Avec The Deserters, Rachel Zeffira esquisse un monde musical suspendu, délicat, parfois bouleversant, souvent intrigant, mais qui peine à pleinement s’incarner. Cet album, premier essai solo de l’artiste canadienne après son aventure avec Cat's Eyes, impressionne par son raffinement esthétique, tout en laissant une impression persistante d'inabouti.

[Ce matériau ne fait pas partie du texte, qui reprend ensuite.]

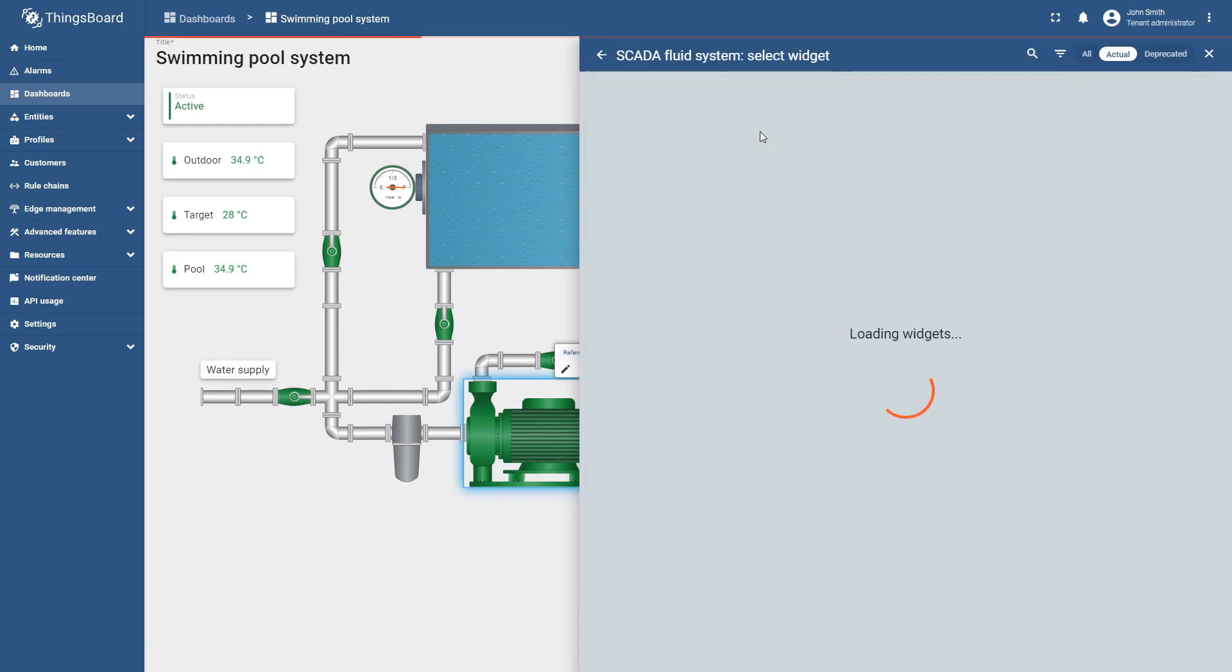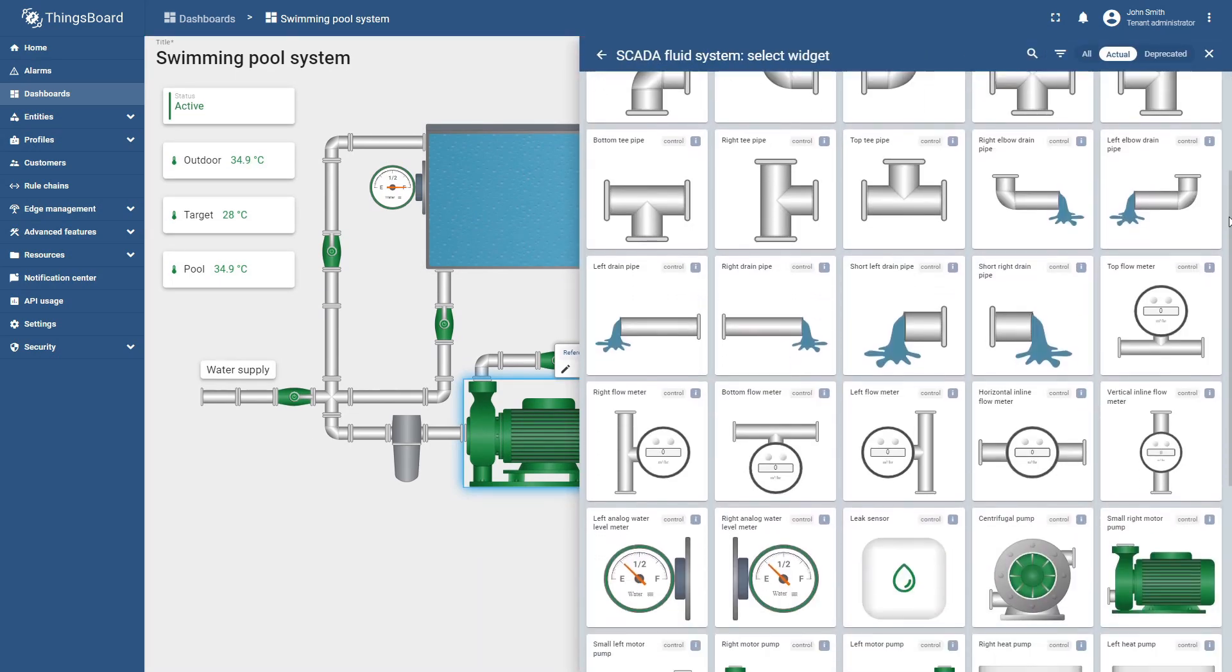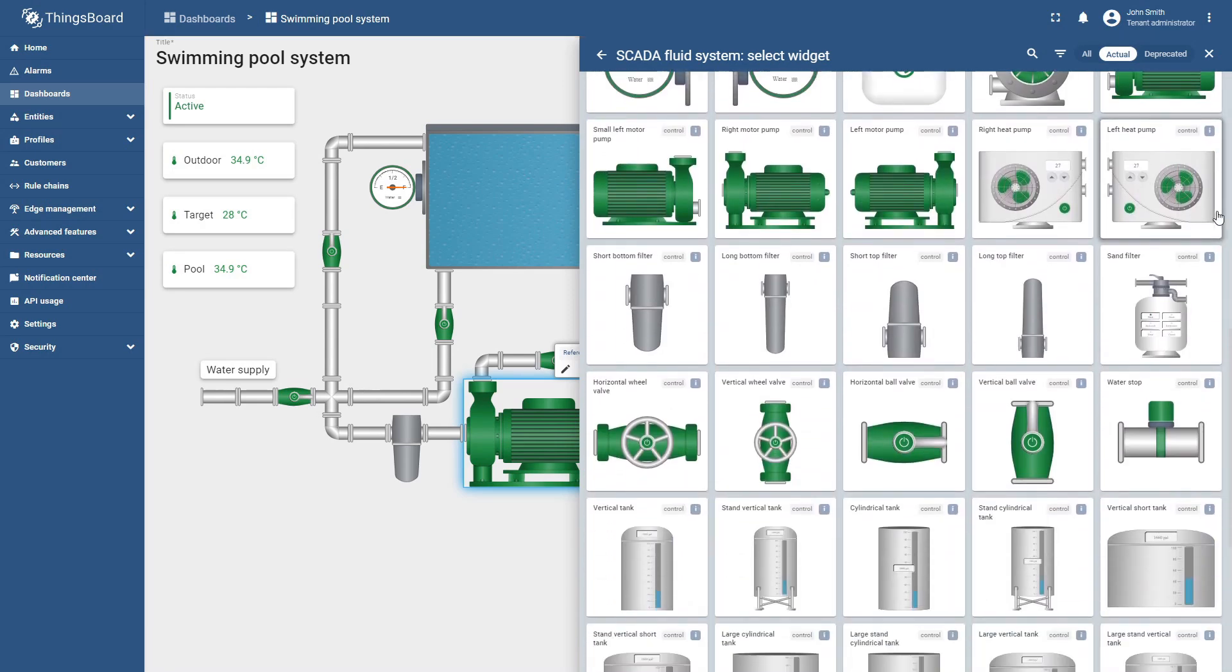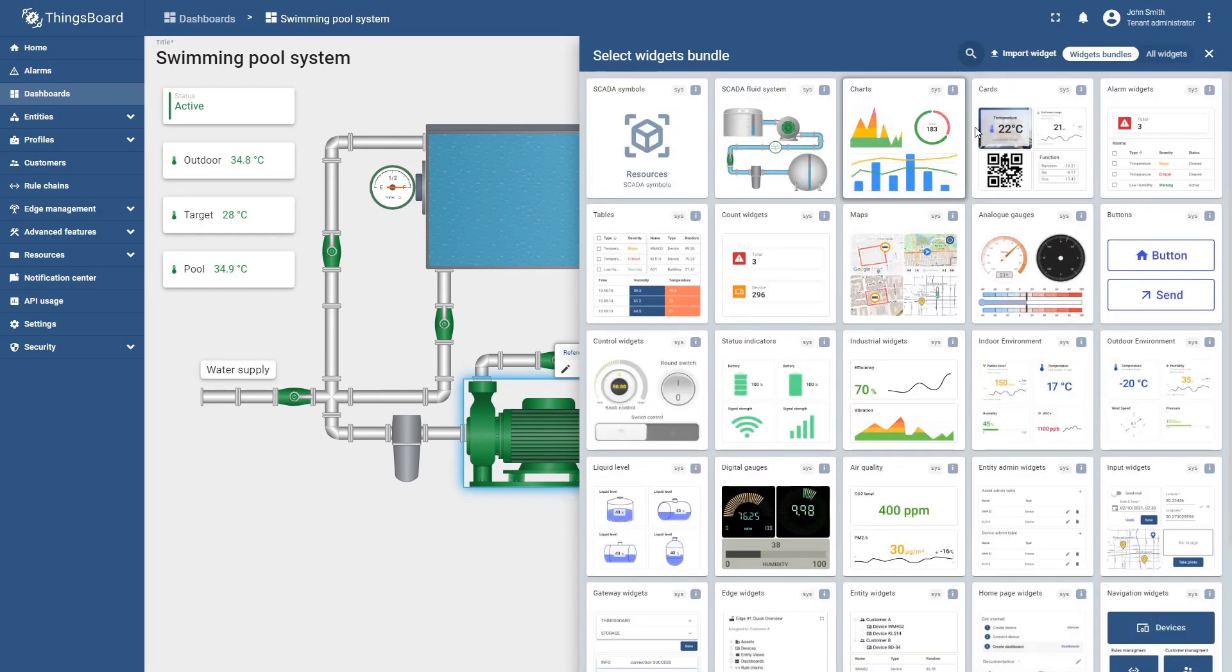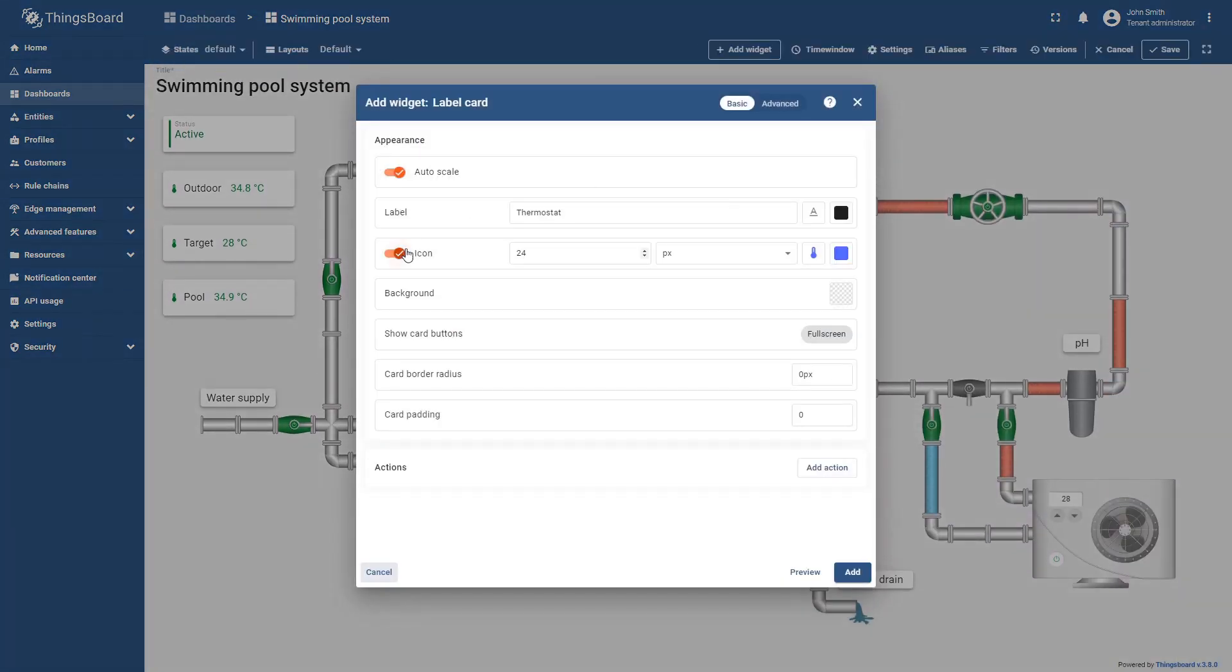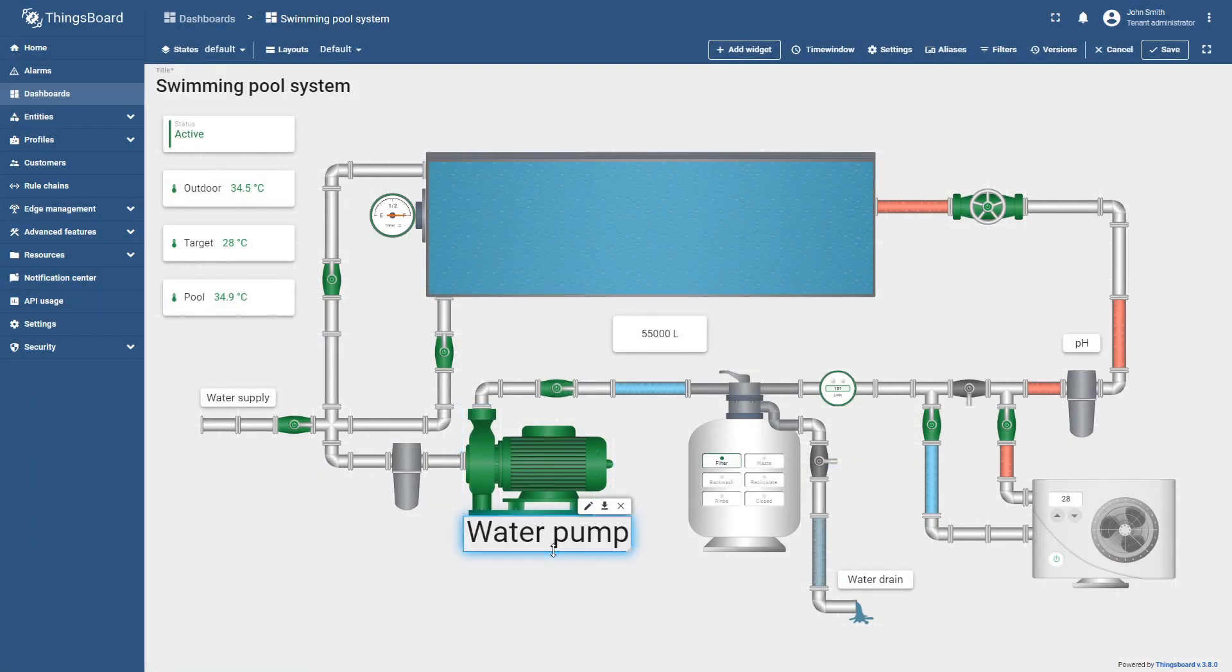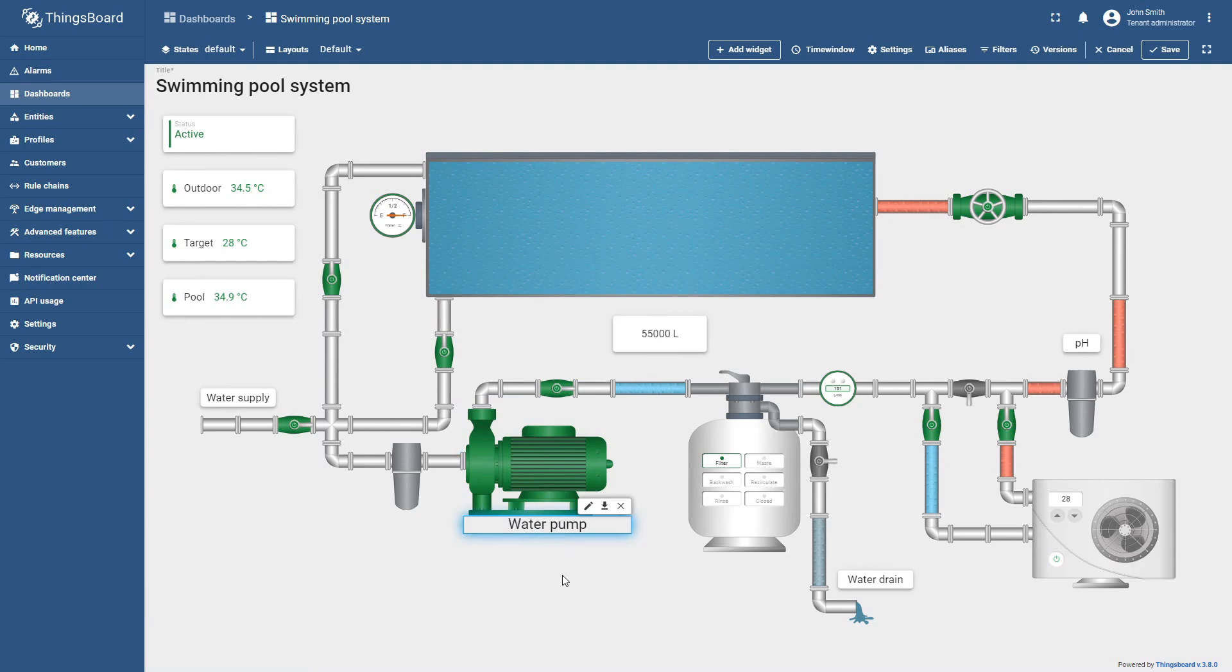We've also introduced a new widget bundle with these and other symbols that you may use for your projects. Additionally, regular ThingsBoard widgets are also added to the SCADA dashboard with a transparent background and no shadow, blending smoothly into the overall design.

Dès les premiers morceaux, Zeffira pose les bases d’un univers sonore singulier : cordes soyeuses, orgue d’église, clavecin, bois subtils, et nappes de synthés vintage composent un ensemble soigneusement tissé. Elle mêle les instruments classiques à des textures plus contemporaines avec une réelle élégance, et cette fusion donne naissance à des moments de grâce évidents. La richesse orchestrale de Break the Spell ou la délicatesse d’Here On In témoignent d’une maîtrise technique impressionnante, à la fois dans l’écriture et l’arrangement.

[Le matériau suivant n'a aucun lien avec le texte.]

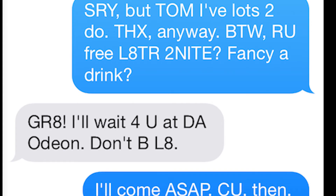Just like sending a text message on your phone, Morse code uses abbreviations too. Stay tuned and I'll tell you what some of them are.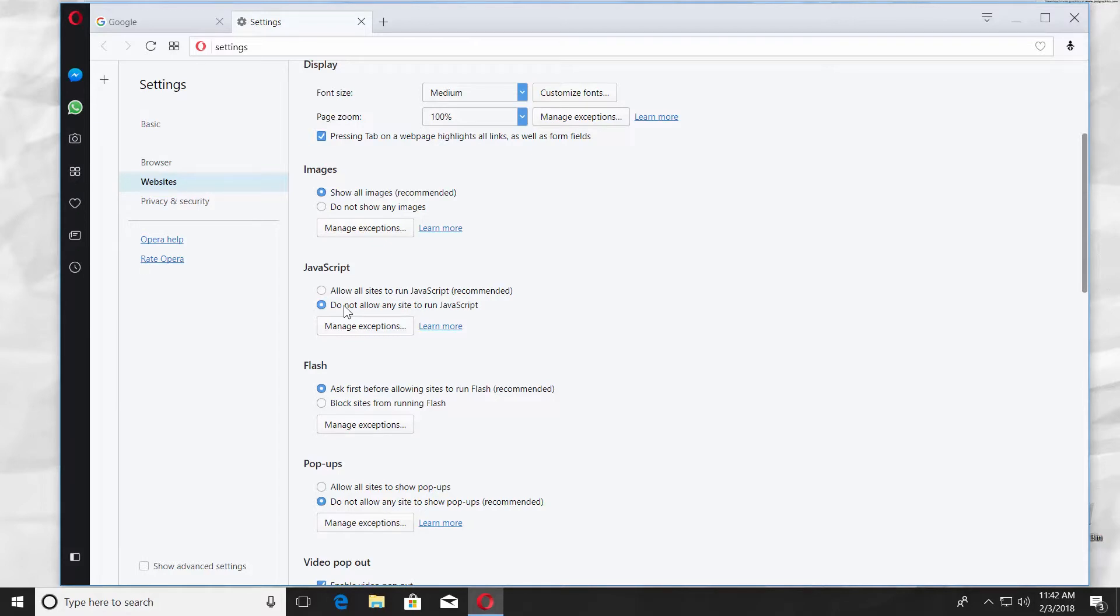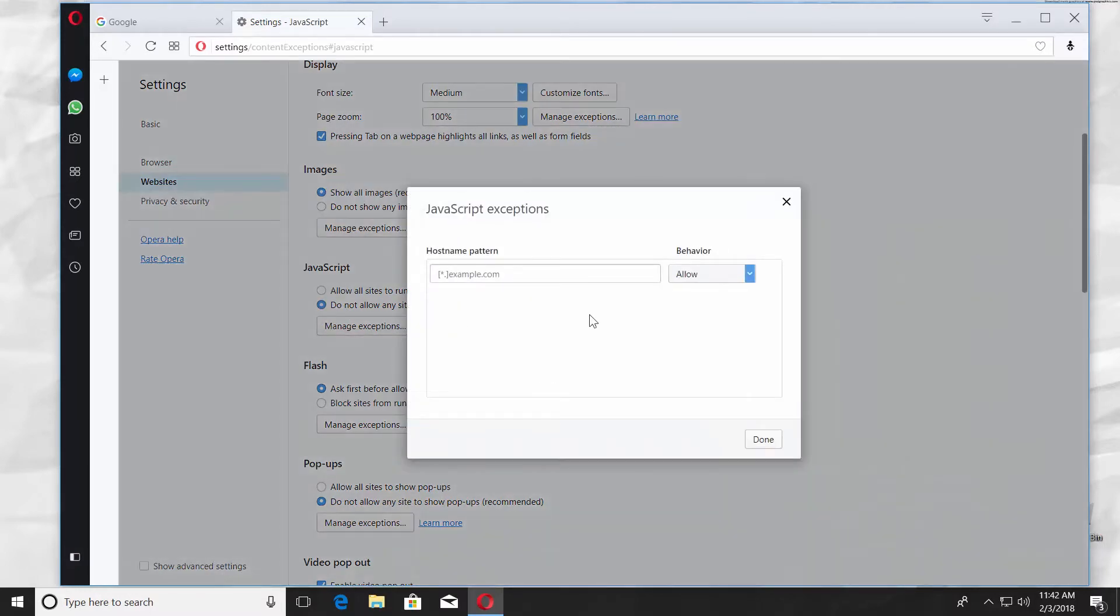You can also choose which pages can have JavaScript on or off. Click on Manage Exceptions to set exceptions.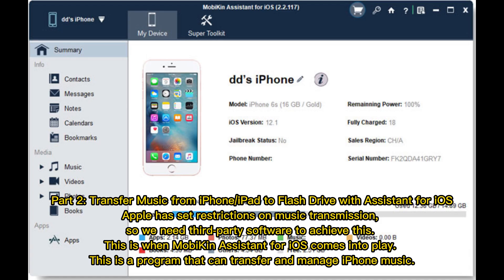Part 2: Transfer music from iPhone or iPad to flash drive with Assistant for iOS. Apple has set restrictions on music transmission, so we need third-party software to achieve this. This is when Mobikin Assistant for iOS comes into play — a program that can transfer and manage iPhone music.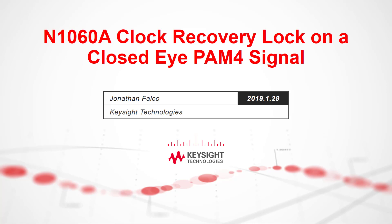Hello, my name is Jonathan Falco and I'm an engineer at Keysight Technologies. In this demo, I will show you how the new N1060A Precision Waveform Analyzer is able to handle closed-eye PAM4 signals.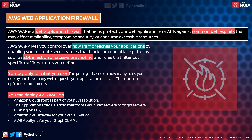With AWS WAF, you can create rules that filter out common vulnerability exploits and protect your web applications or network from attacks. You might be thinking we use NACLs and security groups as well — but with WAF, we aren't just restricting IPs or CIDRs. We are making choices about what kind of HTTP or HTTPS requests to block. Write in the comments below what you think are the differences between WAF and NACLs and security groups.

Mais cette virtuosité instrumentale se heurte parfois à une forme d’uniformité. L’album semble suivre une ligne émotionnelle constante, sans pics ni ruptures marquants. Le choix d’une instrumentation souvent douce, presque vaporeuse, confère à l’ensemble une atmosphère onirique… au risque de le rendre parfois monotone. On attend un frisson, un souffle plus rude, un déséquilibre qui ne vient jamais vraiment.
La voix de Zeffira, quant à elle, joue la carte de la discrétion. C’est un murmure, un souffle léger, qui épouse parfaitement les arrangements mais qui, à la longue, manque de contraste. Elle semble plus spectrale que présente, glissant sur les compositions plutôt que de les porter. Ce choix esthétique – assumé, certes – renforce l’impression d’une œuvre qui reste en retrait, pudique au point de s'effacer.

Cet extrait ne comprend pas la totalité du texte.